[Task directions] Restate word for word the part of the material that runs from the line containing "Opalescent Pink Sapphire" through its final line, inclusive, minus the pictures.
Data under study: Begin
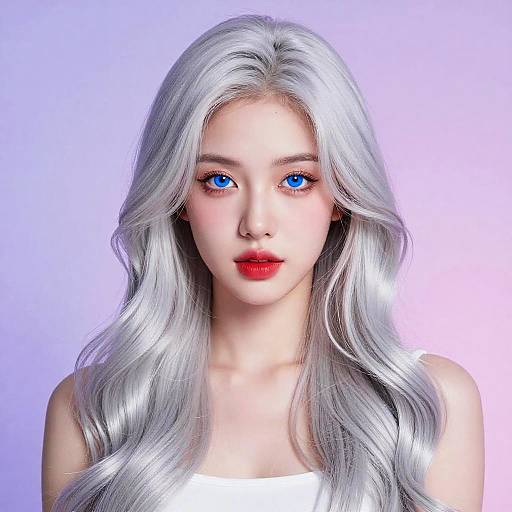 Elegant Silver-Haired Fantasy Portrait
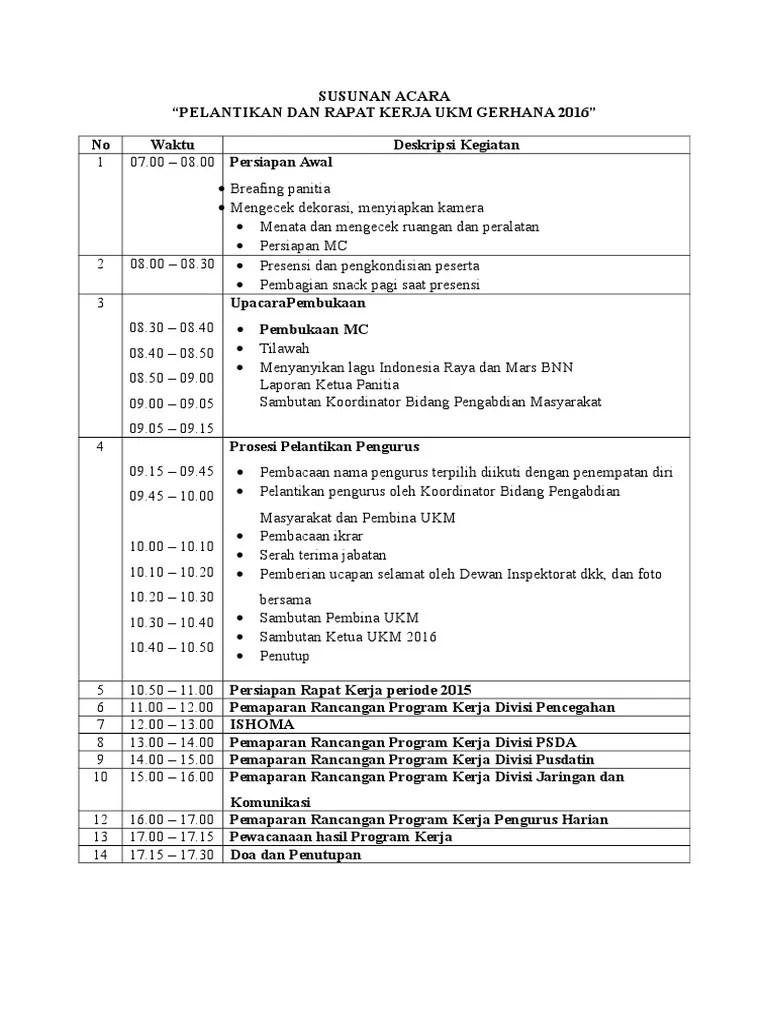 Susunan Acara Raker 2015 | PDF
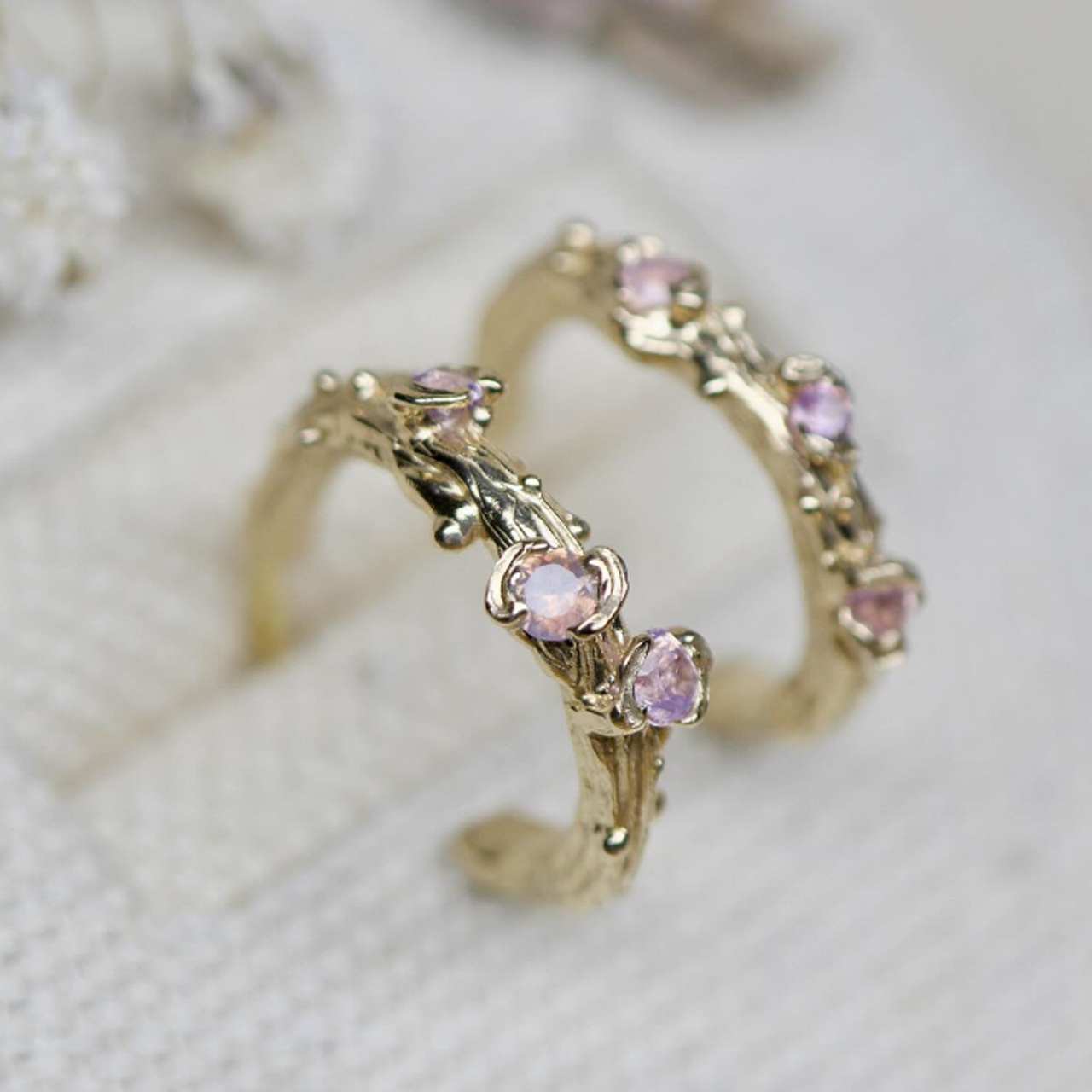 Opalescent Pink Sapphire Gold Fae Hoops, Charlotte Rowenna, tomfoolery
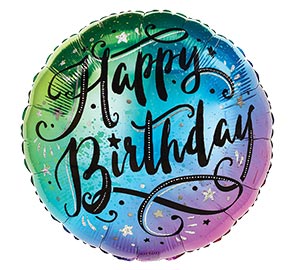 Colorful ombre Happy Birthday Mylar Balloon 18 inch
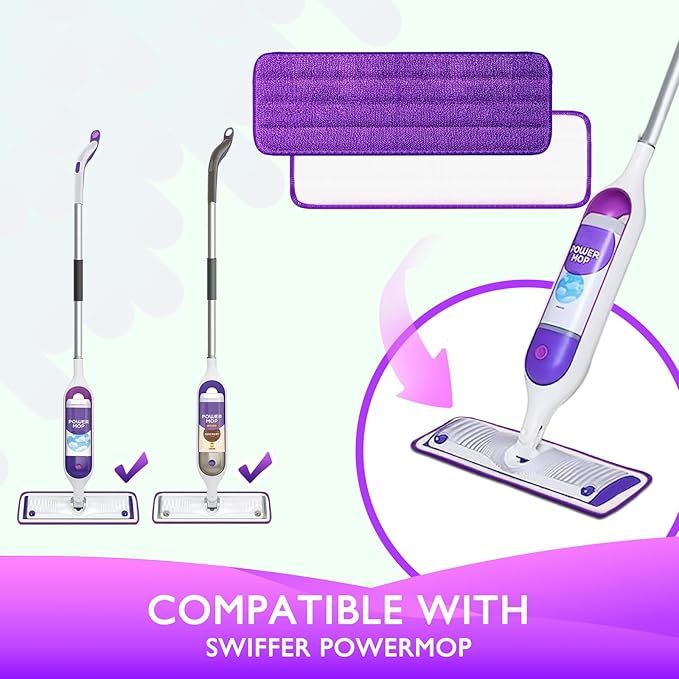Reusable Power Mop Refills Pads Compatible with Swiffer PowerMop Mop - Microfiber Power Mop Pads Refill for 13 ''-15 '' Spray Mop- Washable Pads for Multi-Surface Floor Cleaning, 4 Pack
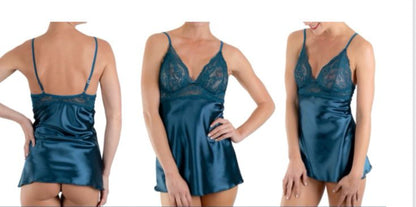 Top encaje y satin con cachetero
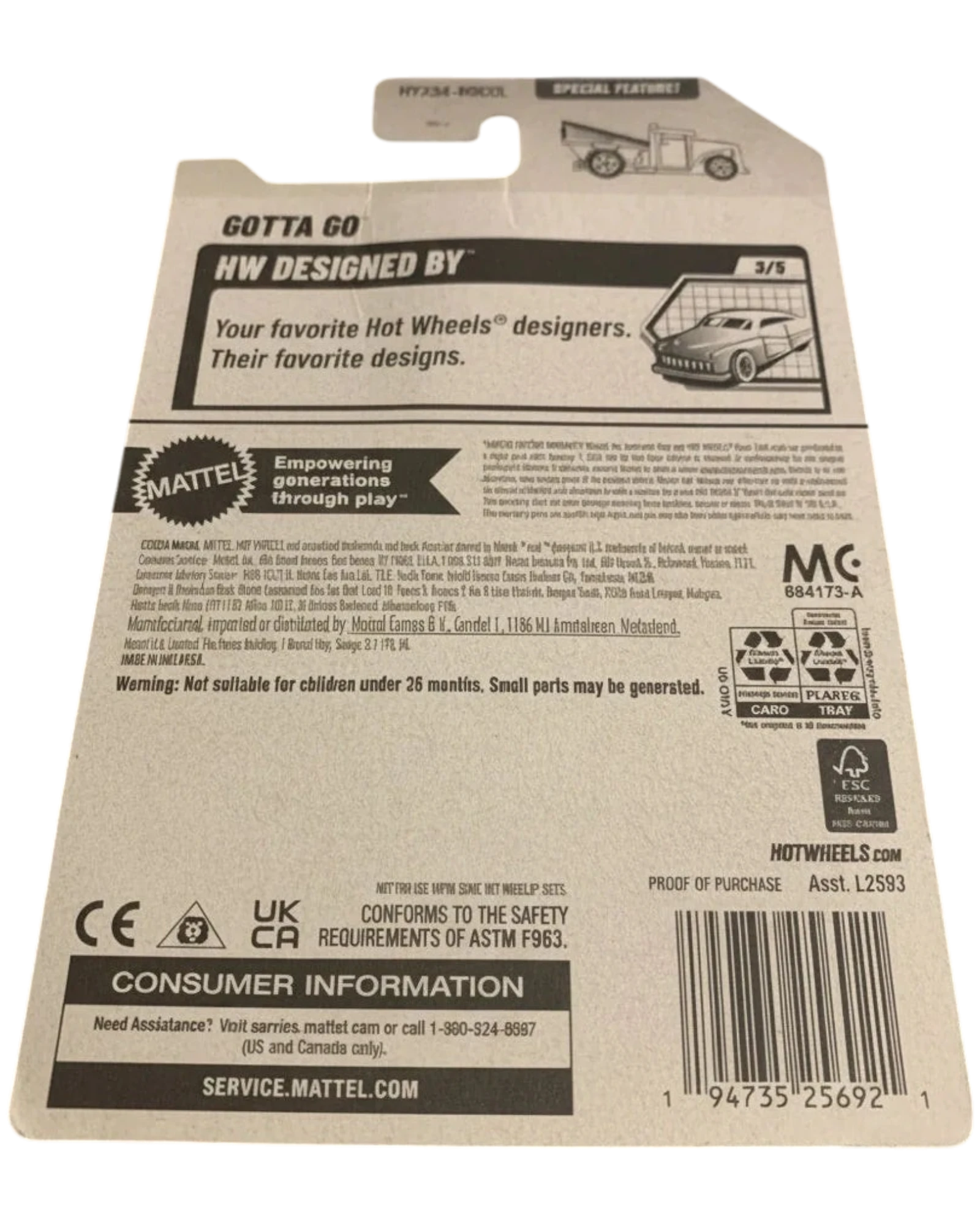 Back of a Hot Wheels packaging with branding and product details.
Data under study: End
[Reply to the exercise]
 Opalescent Pink Sapphire Gold Fae Hoops, Charlotte Rowenna, tomfoolery
 Colorful ombre Happy Birthday Mylar Balloon 18 inch
Reusable Power Mop Refills Pads Compatible with Swiffer PowerMop Mop - Microfiber Power Mop Pads Refill for 13 ''-15 '' Spray Mop- Washable Pads for Multi-Surface Floor Cleaning, 4 Pack
 Top encaje y satin con cachetero
 Back of a Hot Wheels packaging with branding and product details.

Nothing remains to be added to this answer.